Date Created: 2024-08-24T03:29:51.129683

173 So. 126
    BERRY v. FRANKLIN STATE BANK & TRUST CO.
    No. 33599.
    Feb. 1, 1937
    Rehearing Denied March 1, 1937.
    
      G. Allen Kimball, of Monroe, C. W. Berry, Jr., of Winnsboro, and Sholars & Gunby, of Monroe, for appellant.
    Thompson & Thompson, of Monroe, for appellee.
   ODOM, Justice. -

Margaret Adams and T. V. Berry were married in Franklin parish, this state, under the community regime, on September 10, 1911, and lived together until June 7, 1928, when the marriage and the community were dissolved by divorce. No children were born of the marriage. A considerable amount of property, both real and personal, was accumulated during the marriage, all standing in the name of the husband at the time the marriage was dissolved.

After the marriage and prior to its dissolution the husband had his life insured under six separate policies aggregating $12,500. Under some of these policies the wife was originally made the beneficiary. Some of them were changed during the marriage so as to make her the beneficiary. But in 1926, prior to the dissolution of the marriage, the insured' had the beneficiary in all the policies changed, making the proceeds or avails payable to his executors or administrators.
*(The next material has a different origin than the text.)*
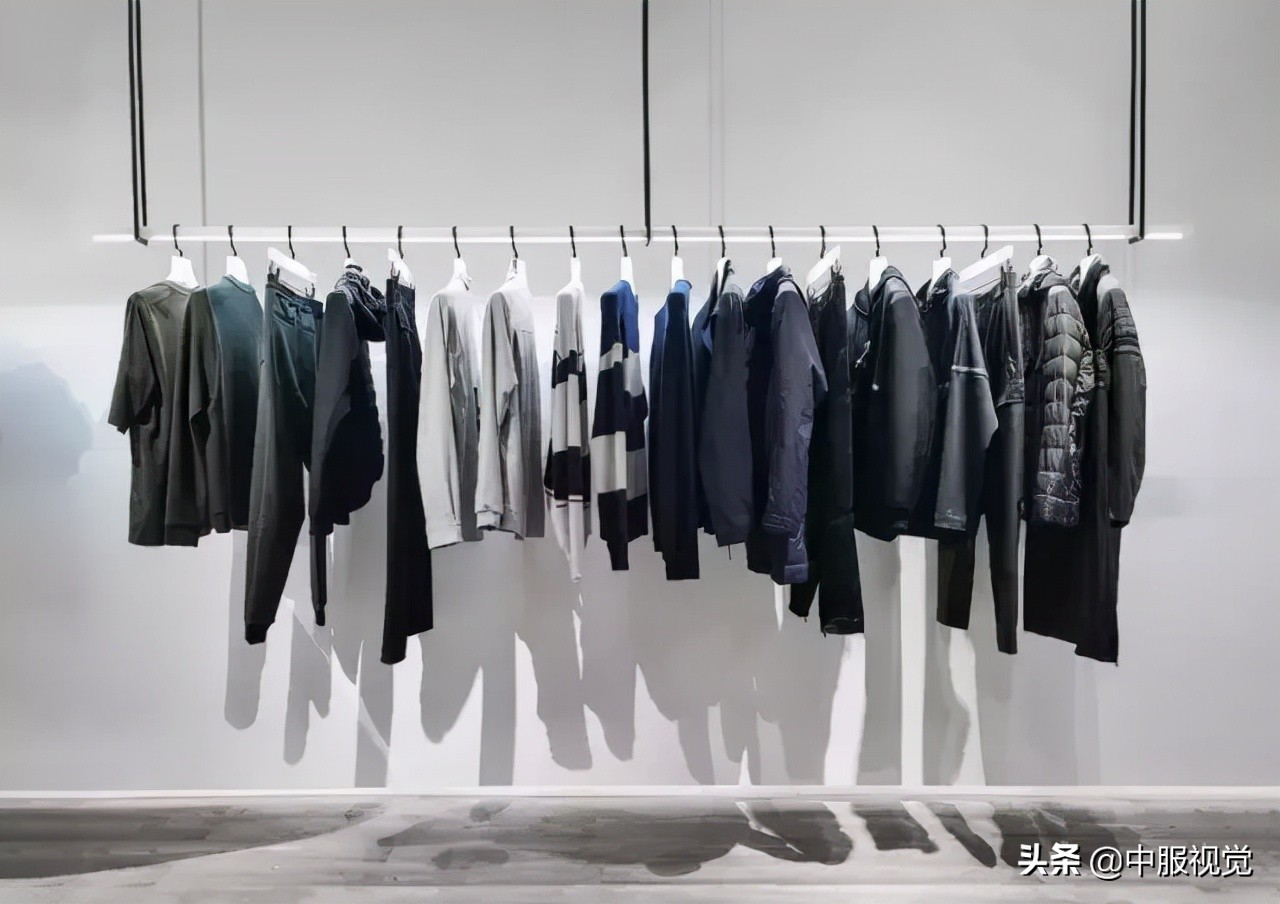 比速写好的品牌,有哪些跟速写一样的男装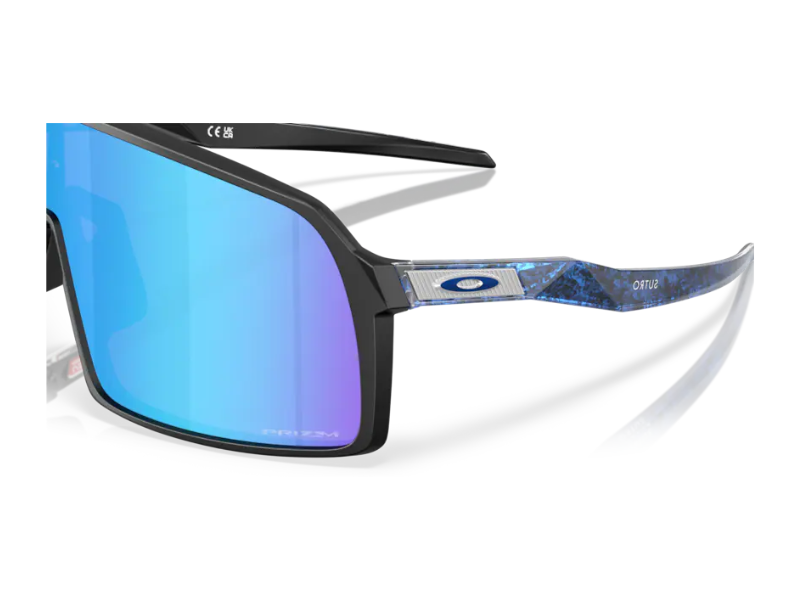 Oakley Sutro Fathom Collection Prizm Sapphire Matte Black - Imagen 5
Some two or three days after the marriage was dissolved by divorce on June 7, 1928, Mrs. Berry and her former husband entered into a contract purporting to be a complete settlement of the community. Under this contract, which was notarial in form and signed by the parties, Mrs. Berry sold and delivered to her former husband her undivided community interest in all of the real estate standing in the name of her husband at the time the marriage was dissolved. Numerous parcels of real estate are specifically described' in the contract, and in addition to these descriptions it is recited that Mrs. Berry “does hereby and by this act grant, bargain, sell and convey all of her entire interest in and to any and all property standing of record in the name of T. V. Berry, or in which the said T. V. Berry has an interest, whether the same be described herein or not, she hereby waiving and renouncing and relinquishing to and in favor of the said T. V. Berry, any interest in any property owned by the said T. V. Berry and belonging to the said community, it being her intention and she does hereby and by this act renounce said community and disclaim any interest in any of the assets of the said community.”

The consideration for this sale and renunciation is as follows:

“The assumpsit and agreement on the part of the said T. V. Berry to assume and pay all of the outstanding community obligations which the said appearer declared amounts to more than the value of the property herein conveyed.”

T. V. Berry died intestate and without issue on December 18, 1933, leaving as heirs his mother, brothers, and sisters. The Franklin State Bank & Trust Company of Winnsboro, La., was appointed administrator of his succession.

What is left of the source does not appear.